Invité sur le plateau de Sky Sport Allemagne, Oliver Kahn n’a pas tari d’éloges sur Michael Olise, auteur d’une prestation majuscule mercredi face au Real Madrid (4-3) : « Au vu de ses performances ces dernières semaines, Michael Olise est assurément en bonne voie pour le Ballon d’Or. »
Kahn sait de quoi il parle, lui qui a terminé deux fois sur le podium (2001 et 2002). Avec une pointe d’autodérision, il s’est souvenu de sa propre déception. « Je croyais l’avoir gagné ! J’y suis allé en me disant « OK, c’est pour moi », et j’ai découvert que non. J’étais un peu agacé », a-t-il plaisanté.
Si Olise brille, la concurrence est féroce, y compris au sein de son propre vestiaire. Harry Kane, qui vient de franchir la barre mythique des 50 buts cette saison, reste le favori numéro 1 des bookmakers. Olise suit de près, au coude à coude avec la pépite barcelonaise Lamine Yamal. Le suspense reste entier, d’autant que le tenant du titre, Ousmane Dembélé, n’a pas dit son dernier mot après son doublé fracassant à Liverpool.

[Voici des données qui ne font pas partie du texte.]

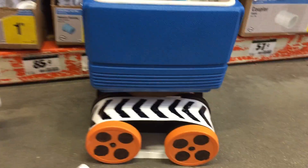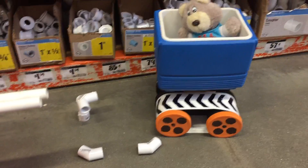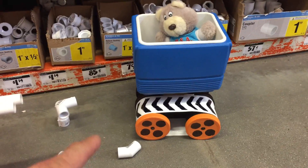a roll cage for our moon buggy. Stay tuned. Also, you may want to call up Home Depot and ask them about their workshops, where you can actually learn how to do stuff — not exactly like this,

Oliver Kahn a également profité de cette interview pour souligner l’impact de Vincent Kompany sur le renouveau bavarois. Selon lui, le coach belge a trouvé l’alchimie parfaite entre autorité et proximité : « Il a une vision claire et une humanité que la génération actuelle apprécie énormément. »
Kahn rappelle toutefois que le poste d’entraîneur au Bayern exige aussi de savoir jongler avec une direction exigeante : « Comme le disait Ottmar Hitzfeld, à Munich, il faut savoir composer avec les dirigeants. Si ces éléments sont réunis, ça fonctionne. »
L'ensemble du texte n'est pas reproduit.